Even the Serbian war crimes prosecutor, Vladimir Vukcevic, does not rule out the possibility that certain members of the BIA may be responsible for actively protecting Mladic.
Serbian military officials are also believed to have helped Mladic evade justice over the years. This month, Serbian police launched another investigation into allegations that a number of high-ranking army officials provided Mladic with logistical support from 2000 until 2003.
Since 2005, more than a dozen people have been brought to trial for allegedly helping Mladic escape arrest. However, all were either acquaintances or relatives of the fugitive army commander - none were from the BIA. No-one has ever been convicted of helping the fugitive suspects.
Is there a risk that handing Mladic over would provoke a serious national backlash?
Although Mladic still has a lot of supporters in Serbia - a recent poll indicated that more than half the population does not agree that it’s in Serbia’s best interest to send him to the tribunal - that doesn’t mean that his arrest would jeopardise the country’s stability. The best proof of that is the July 2008 arrest of the former Bosnian Serb leader Radovan Karadzic, which didn’t cause any rifts within Serbian society, despite the public support he enjoyed.
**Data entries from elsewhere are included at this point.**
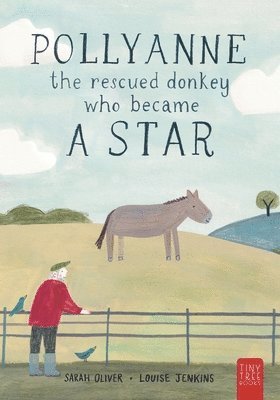 Sarah Oliver - Pollyanne - The Rescued Donkey Who Became a Star: A Heartwarming Tale for 5 to 7 Year Olds About a Donkey Who Found Her Place in the World, Häftad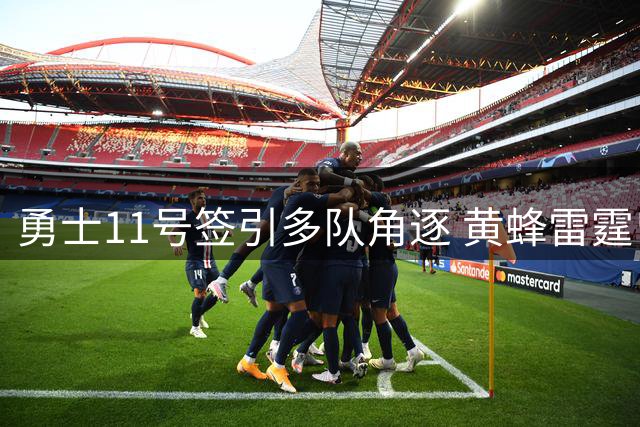 勇士11号签引多队角逐 黄蜂雷霆曾报价交易却被婉拒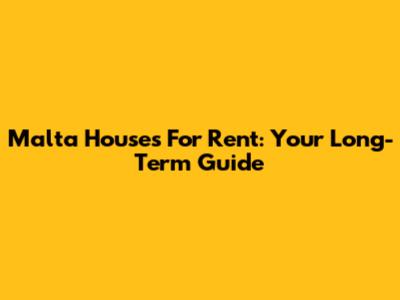 Malta Houses For Rent: Your Long-Term Guide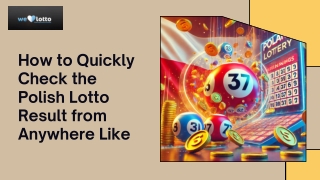 How to Quickly Check the Polish Lotto Result from Anywhere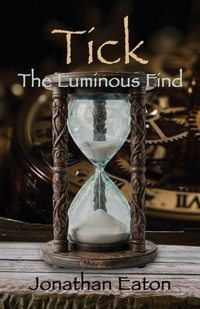 Enlarge image Cover: Tick...The Luminous Find - Booklocker.com
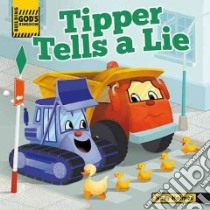Tipper Tells a Lie libro in lingua di Holmes Andy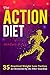 The Action Diet: 35 Practical Weight Loss Tactics as Chronicled by the Fiber Guardian by Jordan M Ring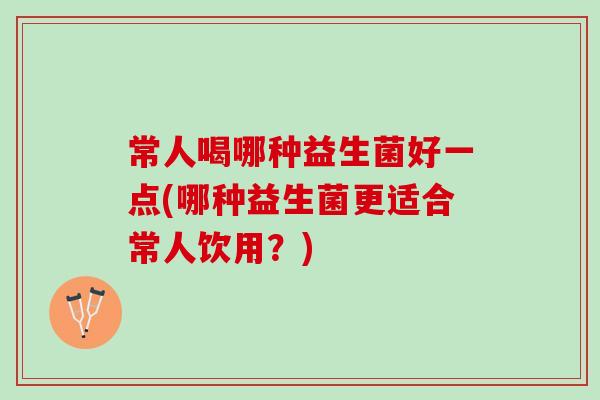 常人喝哪种益生菌好一点(哪种益生菌更适合常人饮用?) 常人喝哪种益生菌好一点(哪种益生菌更适合常人饮用?)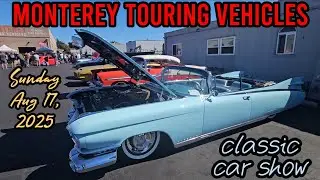 Monterey Touring Vehicles Classic Car Show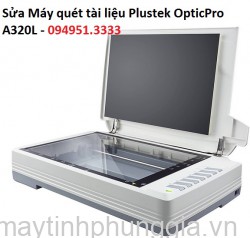 Sửa Máy quét tài liệu Plustek OpticPro A320L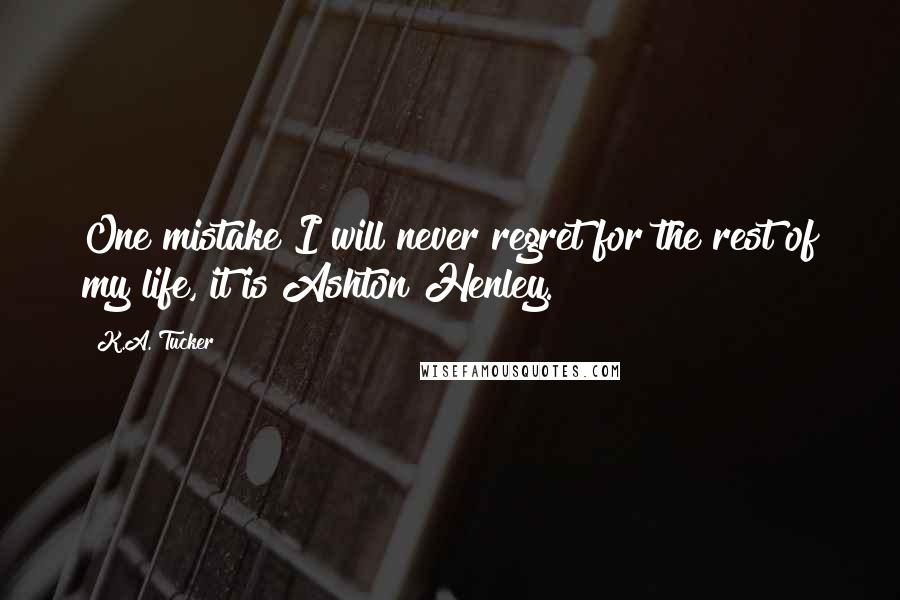 K.A. Tucker Quotes: One mistake I will never regret for the rest of my life, it is Ashton Henley.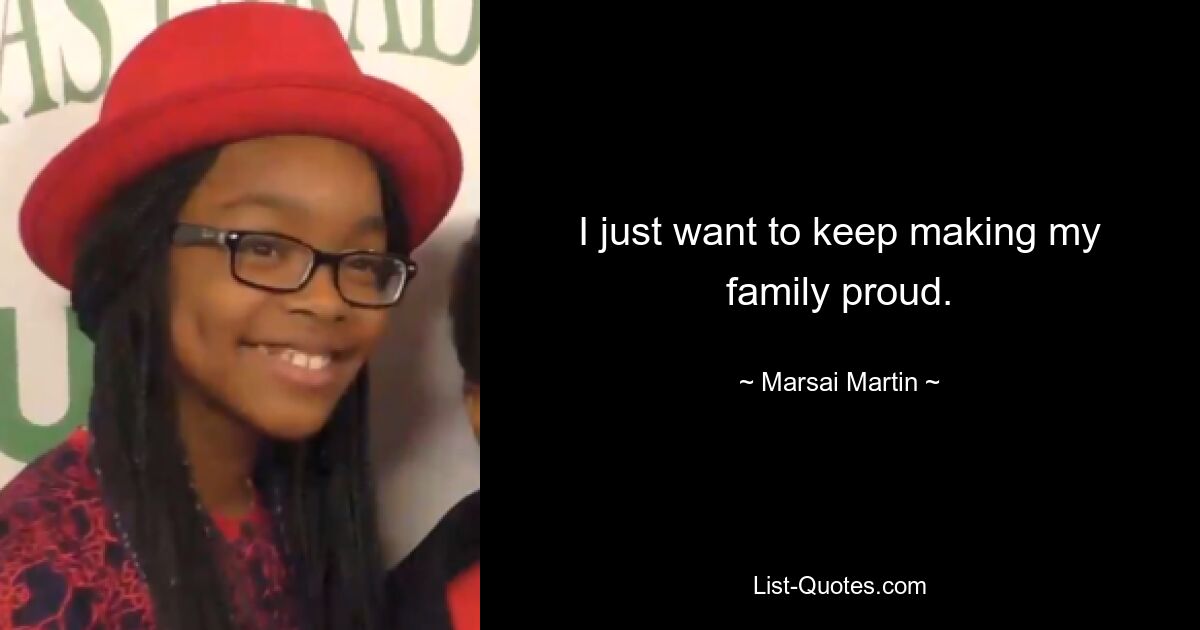 I just want to keep making my family proud. — © Marsai Martin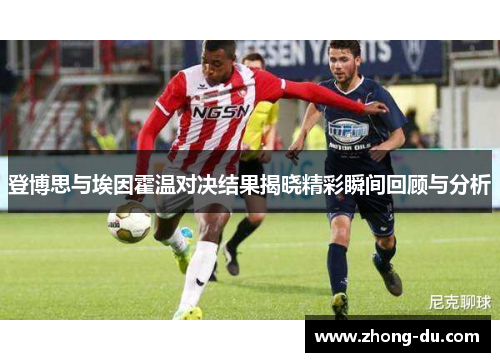 登博思与埃因霍温对决结果揭晓精彩瞬间回顾与分析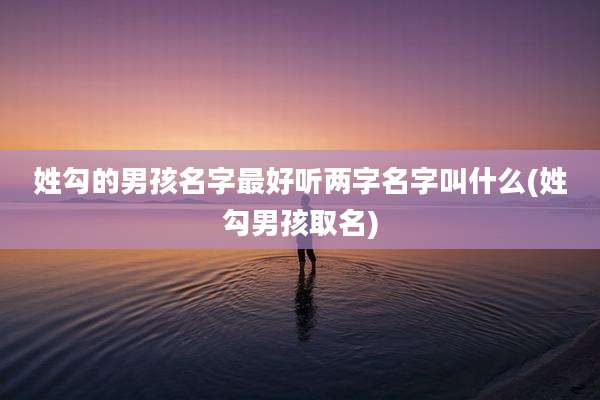 姓勾的男孩名字最好听两字名字叫什么(姓勾男孩取名)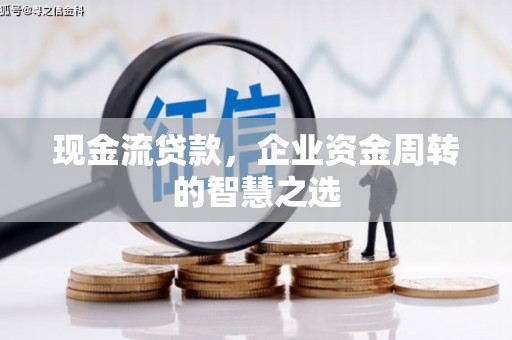 海原现金流贷款，企业资金周转的智慧之选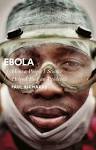 The Ebola epidemicA scientist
Serbia has actually done a great deal to cooperate with the tribunal and has sent a number of suspects to The Hague – isn’t that sufficient to demonstrate that it is serious? Will the EU really never yield to Serbian accession until Mladic has been caught?
Serbia will eventually have to be allowed to join the EU – its membership cannot be postponed forever. Also, there is a risk that too hard a line taken by the EU could undermine Serbia’s pro-European government, helping less constructive forces in the country and potentially destabilising a troubled region.
But EU conditionality is the only leverage the international community has in Serbia - without that, it’s very likely that the search for Mladic would not be a seen as a priority. There is a good chance that softening attitudes in the EU would allow Mladic to walk free, or at least escape international trial.
No one in the international community doubts that the current Serbian government is serious when it says it wants to see Mladic being brought to justice. But that’s not the same as actually arresting him and sending him to The Hague.